Survey: Employers feel responsible for worker health and well-being

Transamerica Institute survey also says older workers are benefiting from changing business environment

A new survey from Transamerica Institute and its Transamerica Center for Retirement Studies (TRCS) finds that – post-pandemic – employers feel more responsibility for the health and well-being of their employees. Employers also say they’re still having a hard time recruiting new workers.

Emerging From the COVID-19 Pandemic: The Employer’s Perspective examines the impacts COVID-19 on the benefits employers are offering to attract and retain employees.

“Employers have been navigating the complex issues in a rapidly-changing environment, especially in managing the needs of their workforce,” explains Catherine Collinson, CEO and president of Transamerica Institute and TRCS. “However, they can be doing even more to support their employees.”

According to the survey, 81% of employers feel responsible for helping employees maintain their long-term health, 72% cite one or more major concerns about employees’ mental health, and 47% say they are having trouble finding new employees.

Collinson says that employers believe that better compensation and benefits packages can be a win-win for them and their workers. “It can help employers attract and retain talent while providing employees income, work-life balance, and the ability to save for retirement while protecting their health, well-being, and financial situation.”

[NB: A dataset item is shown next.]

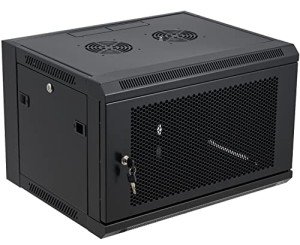 Tedgetal 6U Wall Mount Network Rack Cabinet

Catherine Collinson of Transamerica Center for Retirement Studies at Marketplace Studios in Los Angeles, CA.

She adds that the pandemic has really inspired employers to adopt new business practices and look at things differently.

“Working from home or other flexible work arrangements have proven workers can be just as production. What’s so exciting about this is that it opens up a whole new realm of opportunity in terms of inclusivity.”

Changes in Business Practices Bode Well for Older Workers

“The time may have come for age-inclusivity in the workforce,” Collinson tells me.

For example, an older worker who is also a caregiver may not have been able to go to work every day in an office before the pandemic. That has changed.

“Now that remote work arrangements are widespread, it opens up flexible schedules with employers recognizing the importance of work-life balance to find and keep workers. In many ways, it continues to bode well for older individuals who are looking to stay in the workforce longer. Between updated business practices, as well as widespread labor shortages, employers are starting to tap into the potential of older, experienced employees.”

For the survey, employers were asked how much consideration they were giving to older workers since the pandemic began. They said:

  • 29% – A great deal of consideration
  • 30% – Quite a bit of consideration
  • 23% – Some consideration

Collinson says the good news is that “70% – seven in ten – of large employers say they’ve given a great deal or quite a bit of consideration to age 50 plus job applicants. So, that’s a big deal.”